## TASK GOAL
As you reproduce every line below, keep it exactly as written and leave out the images.

## SOURCE MATERIAL

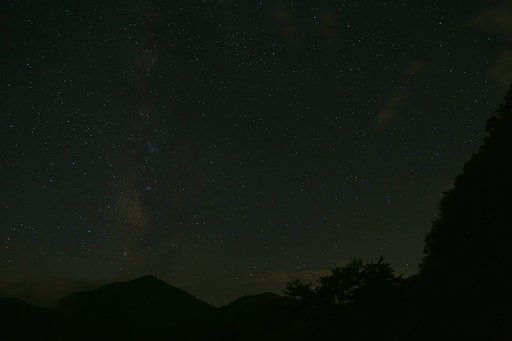 天の川かな？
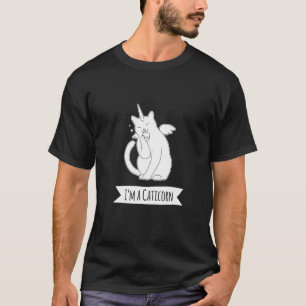 Unicorn Cat Im Caticorn für Frauen T-Shirt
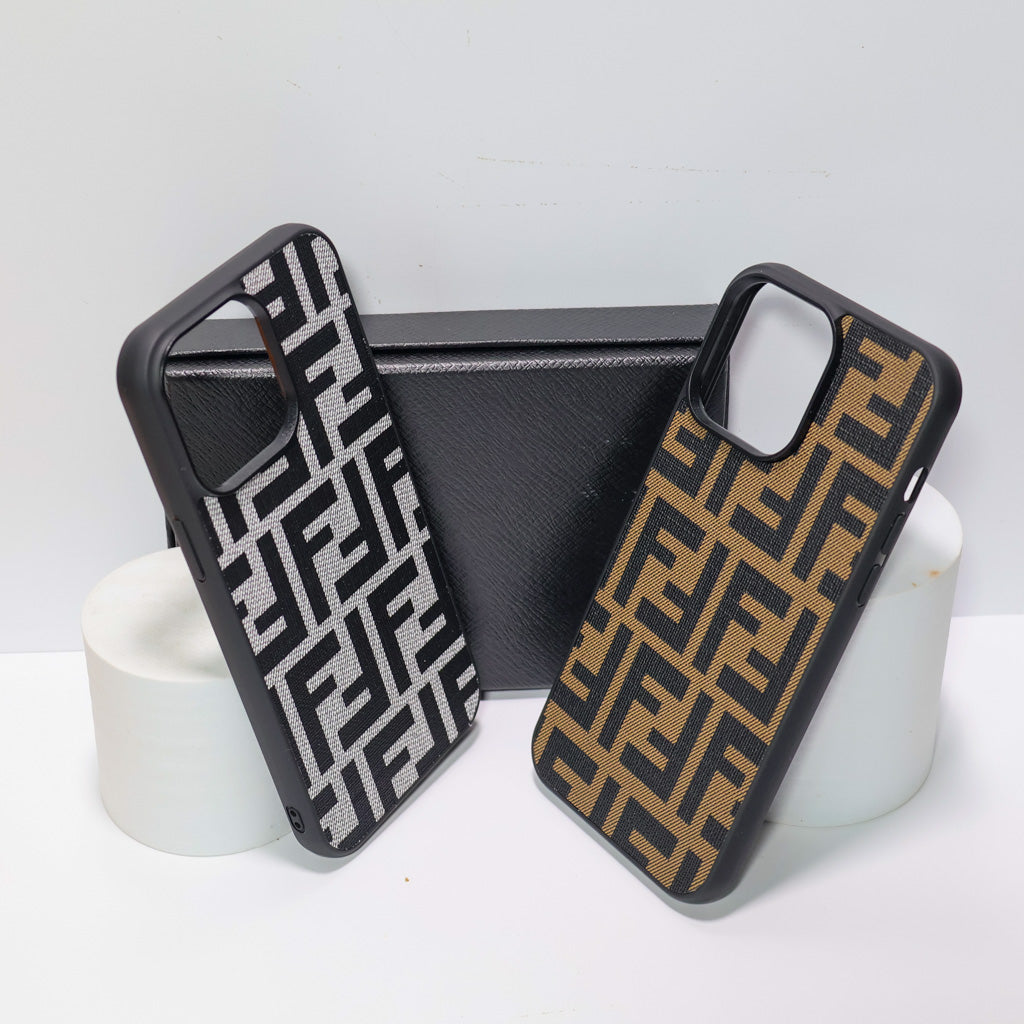Fendi Fabric Phone Case for iPhone 1217 Pro Max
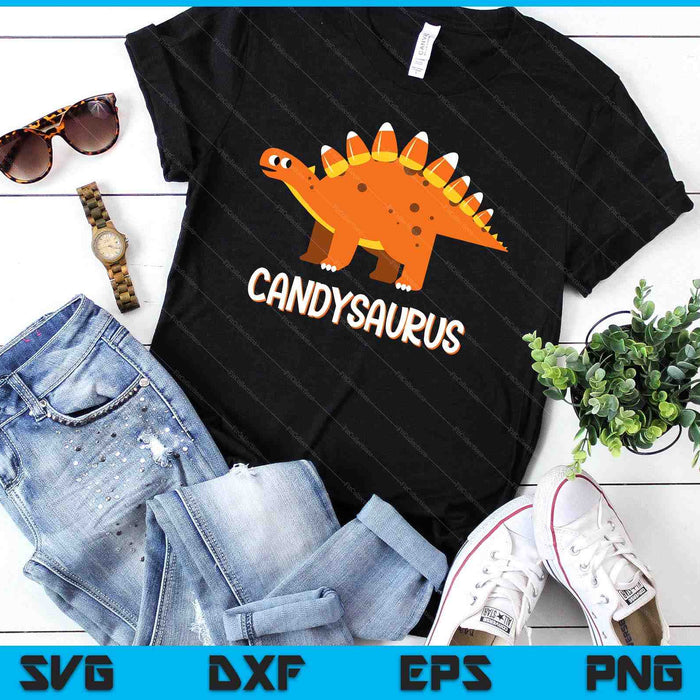 Funny Candysaurus Candy Corn Dinosaur Halloween Toddler Kid SVG PNG Digital Cutting Files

## SOLUTION TO THIS EXERCISE
 天の川かな？
 Unicorn Cat Im Caticorn für Frauen T-Shirt
Fendi Fabric Phone Case for iPhone 1217 Pro Max
 Funny Candysaurus Candy Corn Dinosaur Halloween Toddler Kid SVG PNG Digital Cutting Files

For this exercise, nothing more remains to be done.